Data for this task:
◆ ◆ ◆
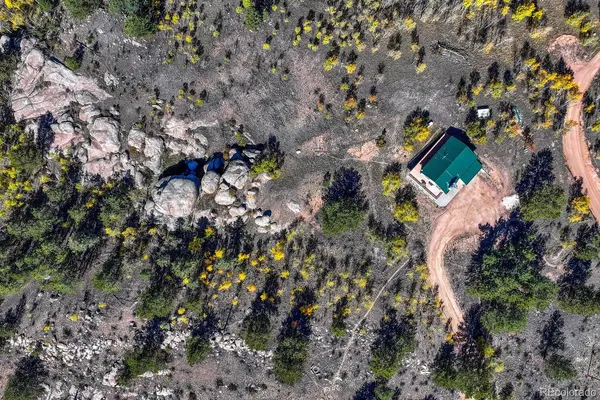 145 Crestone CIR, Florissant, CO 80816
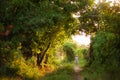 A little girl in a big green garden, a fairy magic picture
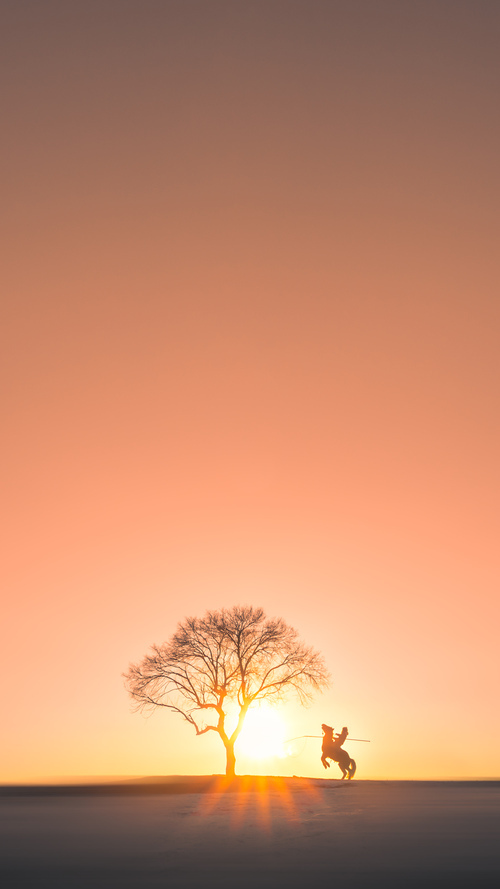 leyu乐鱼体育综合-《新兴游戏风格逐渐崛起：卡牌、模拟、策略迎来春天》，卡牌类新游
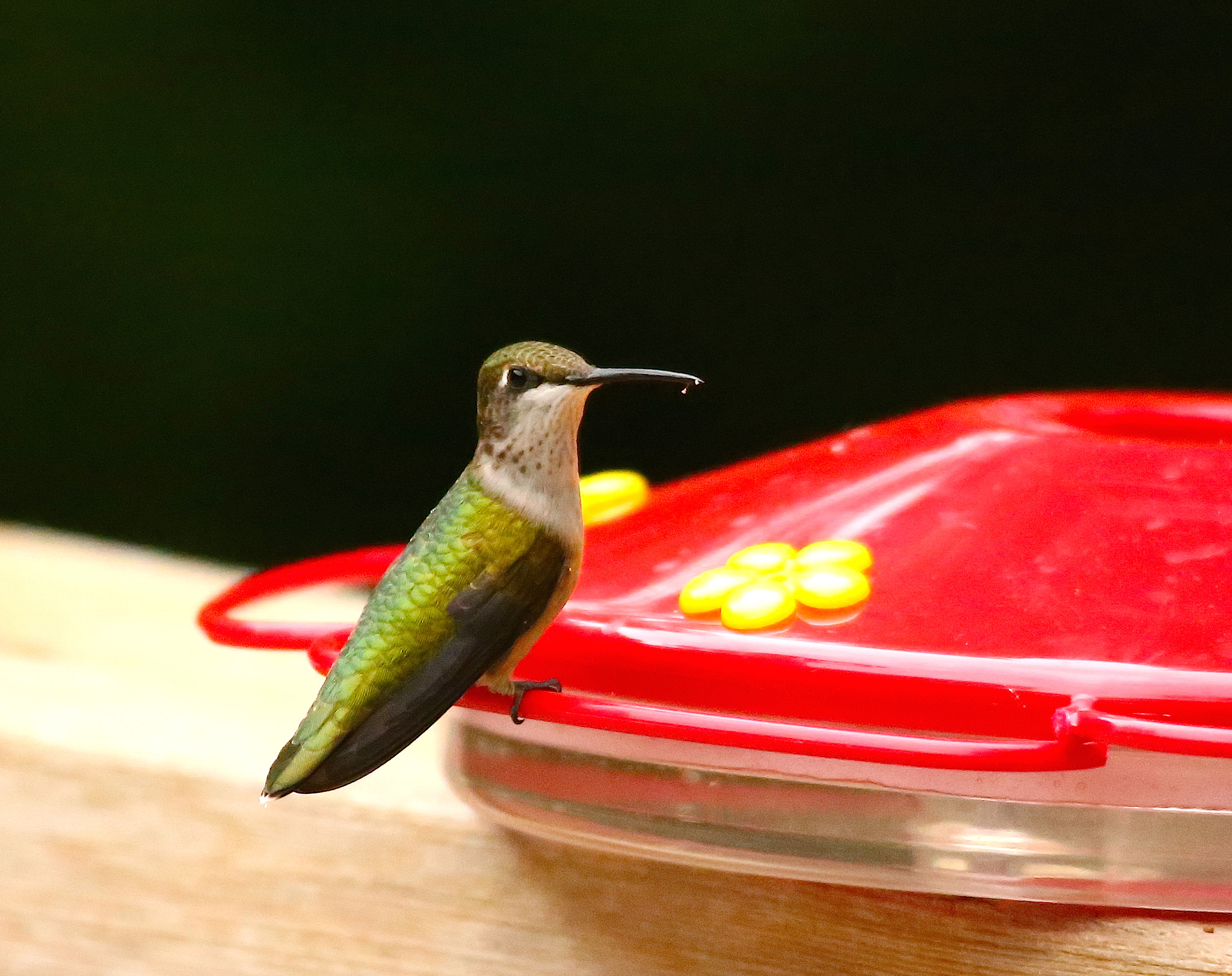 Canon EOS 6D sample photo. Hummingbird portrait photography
◆ ◆ ◆
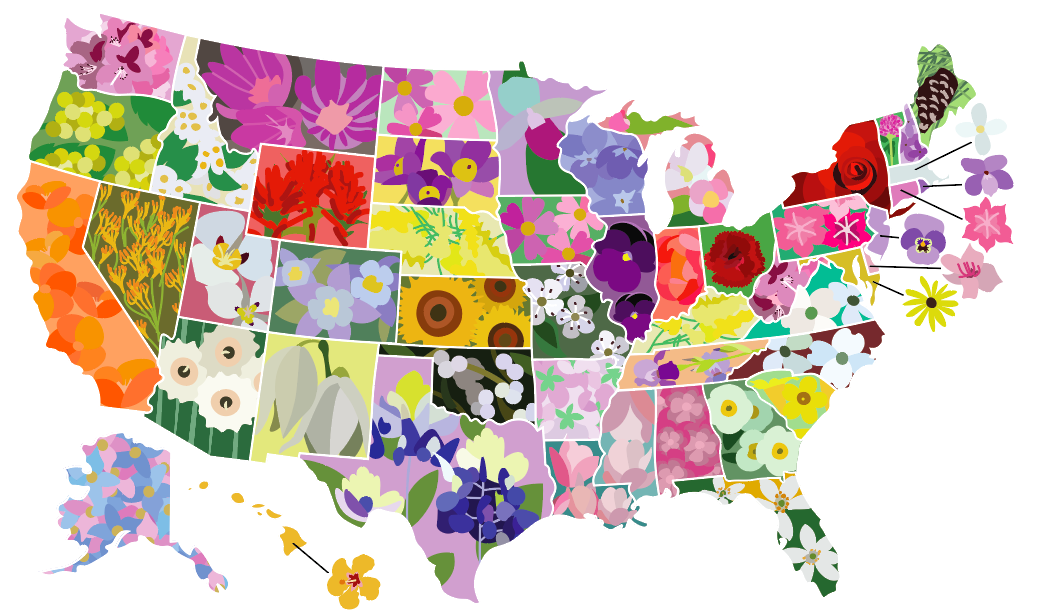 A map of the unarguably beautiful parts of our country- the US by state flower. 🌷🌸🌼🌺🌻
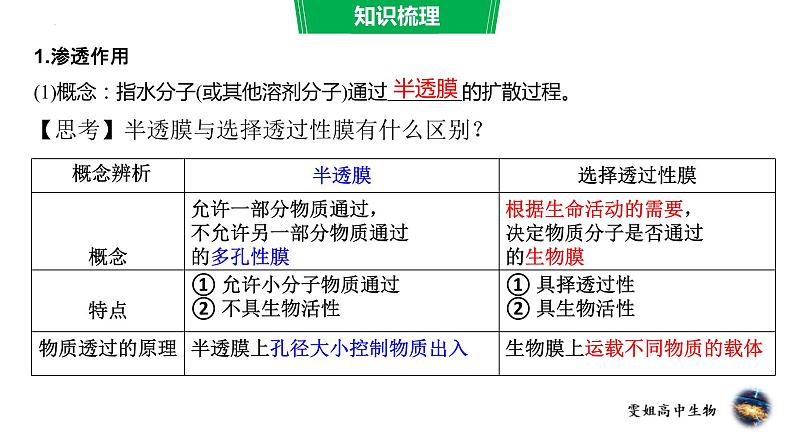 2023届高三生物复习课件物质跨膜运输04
◆ ◆ ◆
Exercise: Exactly the lines above from the one that contains "leyu乐鱼体育综合-《新兴" down to the one that contains "Canon EOS 6D" are to be output, both ends kept and pictures omitted.

Task result:
 leyu乐鱼体育综合-《新兴游戏风格逐渐崛起：卡牌、模拟、策略迎来春天》，卡牌类新游
 Canon EOS 6D sample photo. Hummingbird portrait photography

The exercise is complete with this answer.